YOUR TASK: Search the entries for lines that contain the word "Fielding", and report each one found.

DATASET RECORDS Start Marker

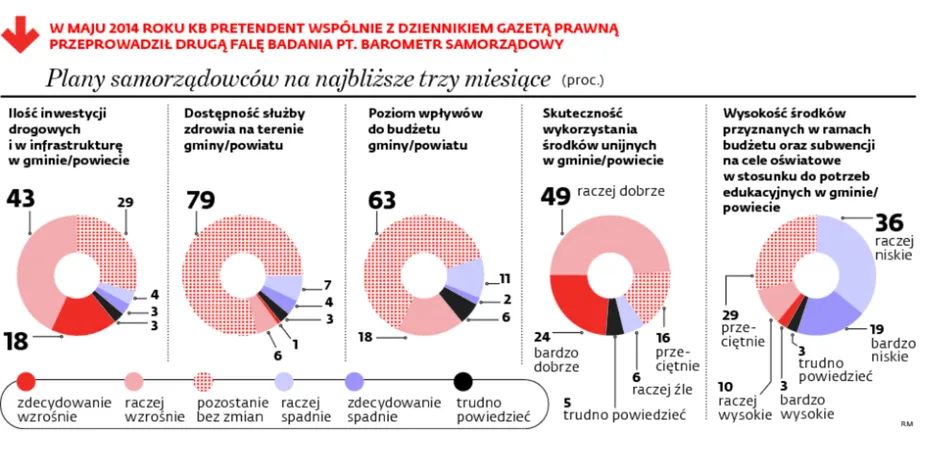 Barometr Samorządowy: Im bliżej wyborów, tym więcej pesymizmu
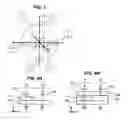 Fig. 03 - PROJECTION TYPE DISPLAY APPARATUS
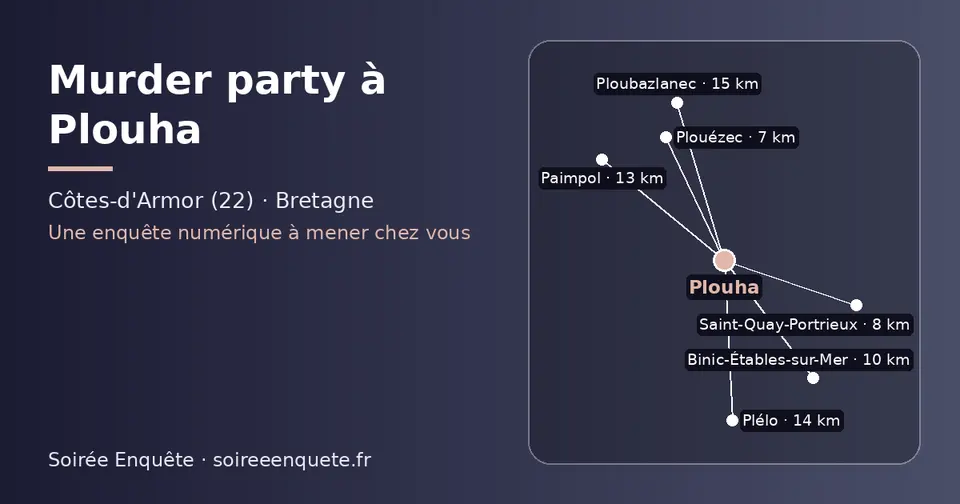 Carte schématique : Plouha et les communes voisines présentées sur ce site (Plouézec, Saint-Quay-Portrieux, Binic-Étables-sur-Mer, Paimpol, Plélo, Ploubazlanec)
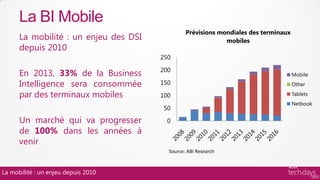 La BI Mobile
                                             Prévisions mondiales des terminaux
      La mobilité : un enjeu des DSI                      mobiles
      depuis 2010
                                       250

                                       200
      En 2013, 33% de la Business
      Intelligence sera consommée      150

      par des terminaux mobiles        100

                                        50

      Un marché qui va progresser       0
      de 100% dans les années à
      venir


La mobilité : un enjeu depuis 2010
 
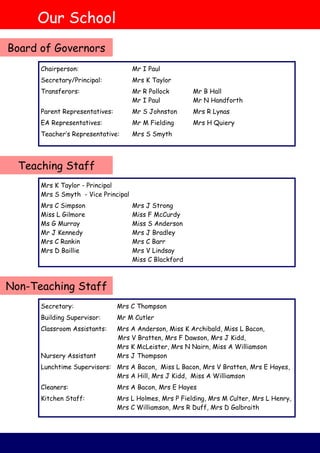Chairperson: Mr I Paul
Secretary/Principal: Mrs K Taylor
Transferors: Mr R Pollock Mr B Hall
Mr I Paul Mr N Handforth
Parent Representatives: Mr S Johnston Mrs R Lynas
EA Representatives: Mr M Fielding Mrs H Quiery
Teacher’s Representative: Mrs S Smyth
Mrs K Taylor - Principal
Mrs S Smyth - Vice Principal
Mrs C Simpson Mrs J Strong
Miss L Gilmore Miss F McCurdy
Ms G Murray Miss S Anderson
Mr J Kennedy Mrs J Bradley
Mrs C Rankin Mrs C Barr
Mrs D Baillie Mrs V Lindsay
Miss C Blackford
Secretary: Mrs C Thompson
Building Supervisor: Mr M Cutler
Classroom Assistants: Mrs A Anderson, Miss K Archibald, Miss L Bacon,
Mrs V Bratten, Mrs F Dawson, Mrs J Kidd,
Mrs K McLeister, Mrs N Nairn, Miss A Williamson
Nursery Assistant Mrs J Thompson
Lunchtime Supervisors: Mrs A Bacon, Miss L Bacon, Mrs V Bratten, Mrs E Hayes,
Mrs A Hill, Mrs J Kidd, Miss A Williamson
Cleaners: Mrs A Bacon, Mrs E Hayes
Kitchen Staff: Mrs L Holmes, Mrs P Fielding, Mrs M Culter, Mrs L Henry,
Mrs C Williamson, Mrs R Duff, Mrs D Galbraith
Our School
Board of Governors
Teaching Staff
Non-Teaching Staff
 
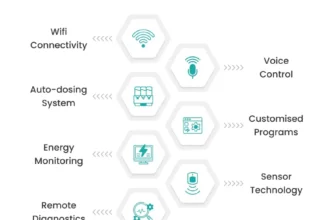 Sensible Dishwasher Statistics 2024 and Information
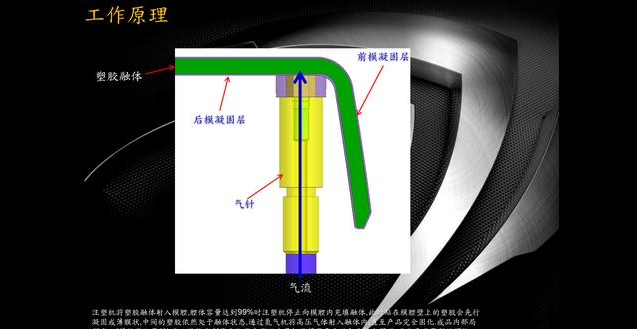 塑胶模具注塑行业制氮机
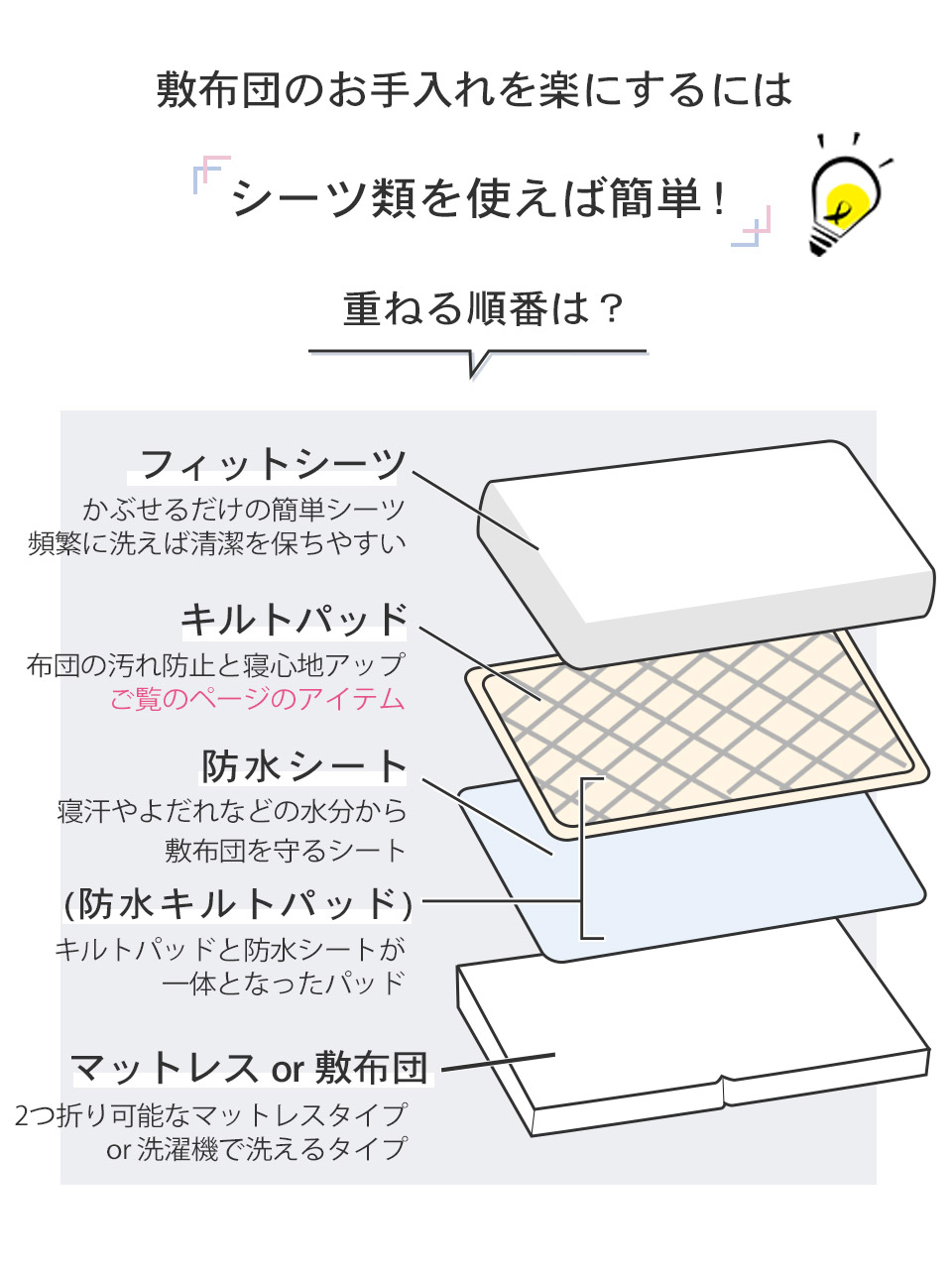 キルトパッドの重ね順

DATASET RECORDS End Marker

EXPECTED OUTPUT:
EA Representatives: Mr M Fielding Mrs H Quiery
Kitchen Staff: Mrs L Holmes, Mrs P Fielding, Mrs M Culter, Mrs L Henry,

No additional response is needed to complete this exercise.